START Excerpted records
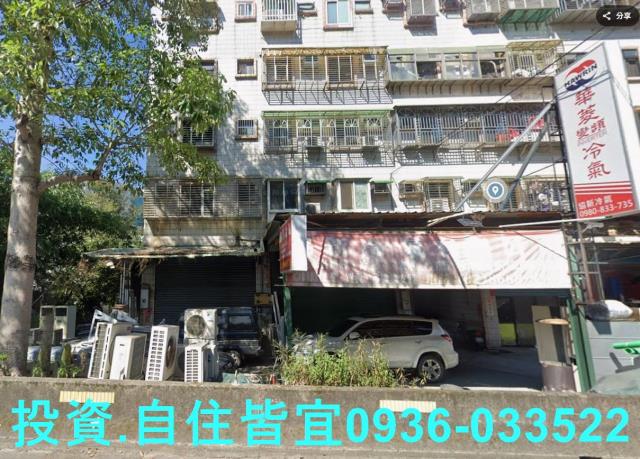 樹林公寓法拍-1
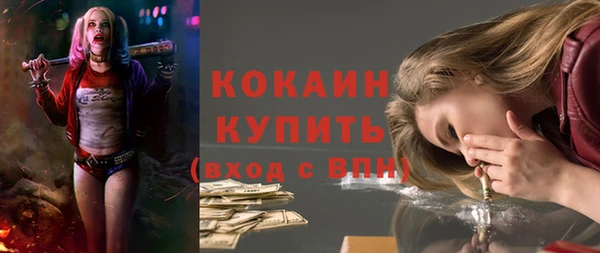 мефедрон мука Новокубанск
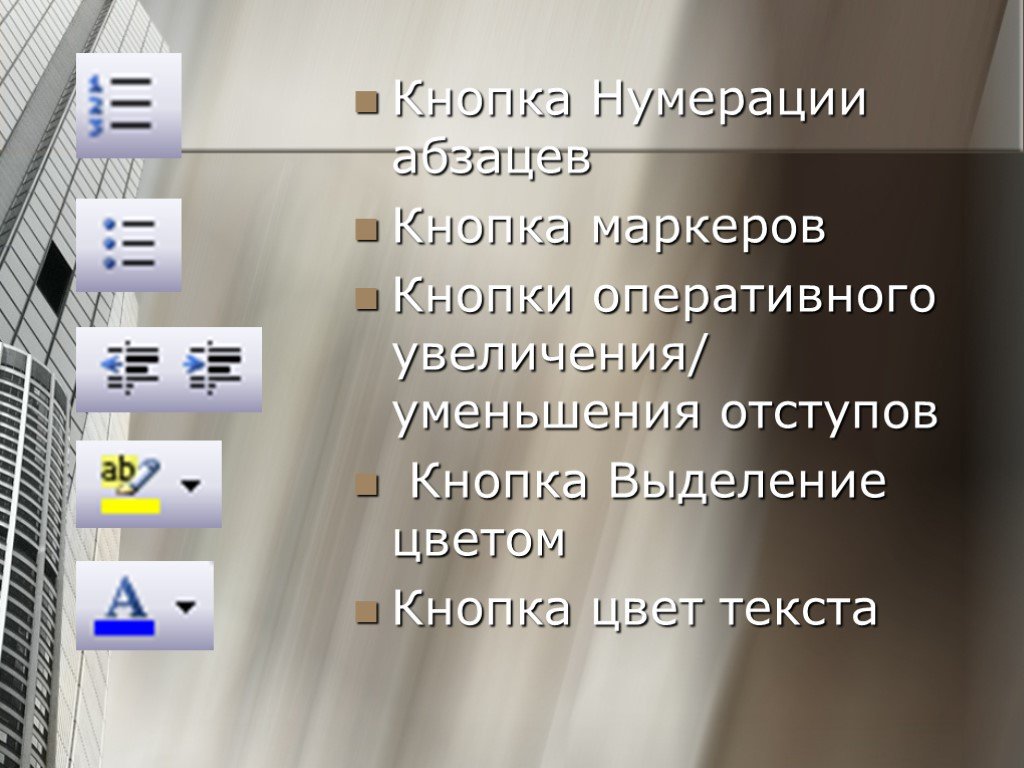 Оперативное увеличение. Нумерация кнопок. Увеличение/уменьшение отступов абзаца. Клавиши маркер. Кнопка уменьшение отступа.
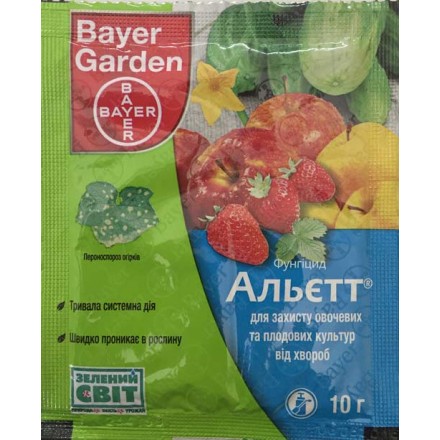 Фунгіцид Альєтт, 10 г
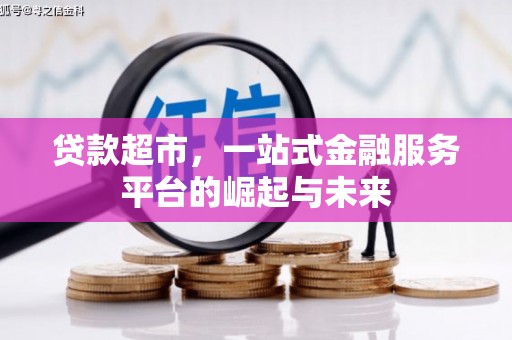 京口贷款超市，一站式金融服务平台的崛起与未来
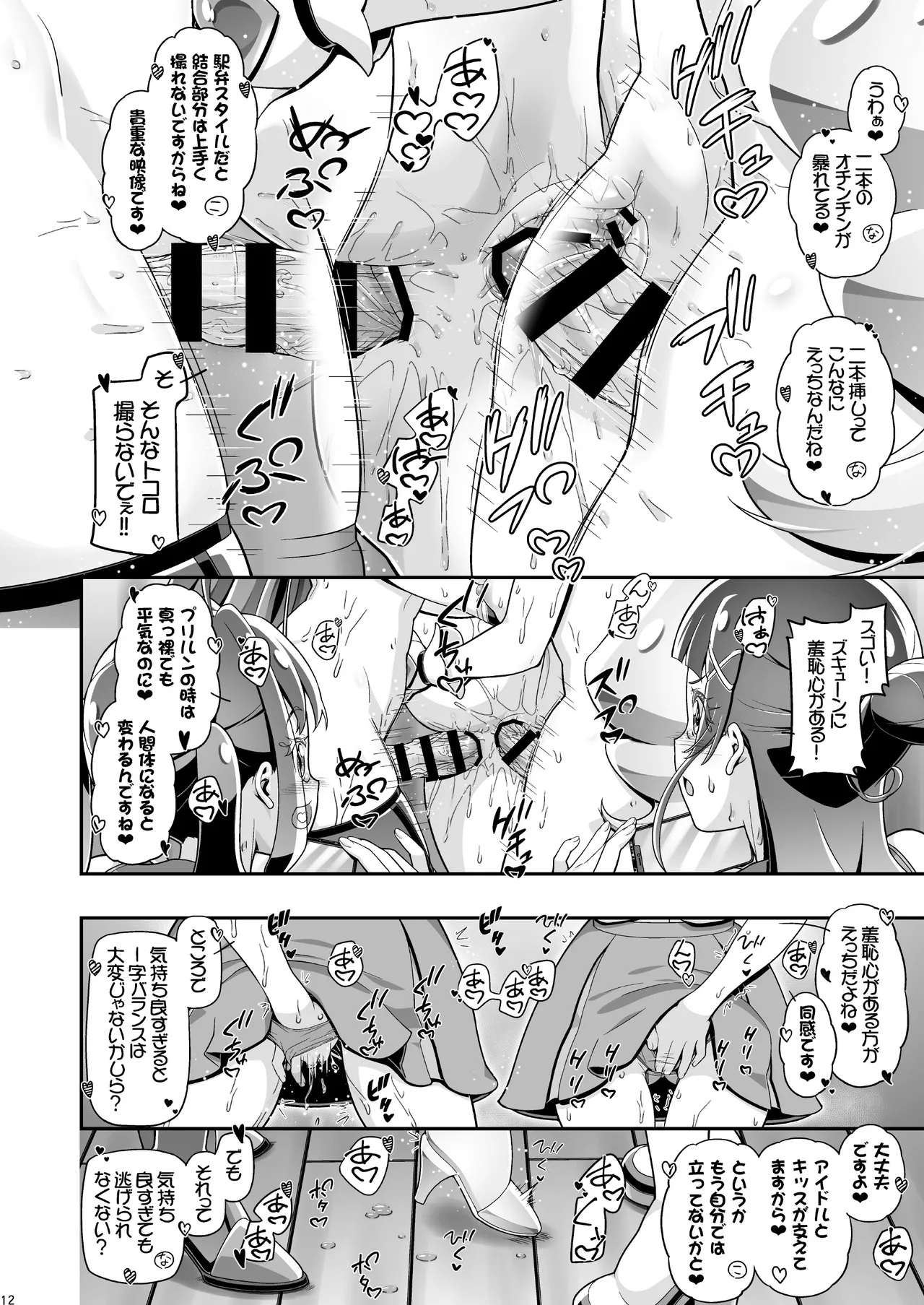 Kimi Pre 2 - Page 11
END Excerpted records
Your instructions: Only the lines from the one with "Фунгіцид Альєтт, 10 г" through the final line of the entries belong in the answer, set down exactly, with both ends included and no pictures.

Reply to the task:
 Фунгіцид Альєтт, 10 г
 京口贷款超市，一站式金融服务平台的崛起与未来
 Kimi Pre 2 - Page 11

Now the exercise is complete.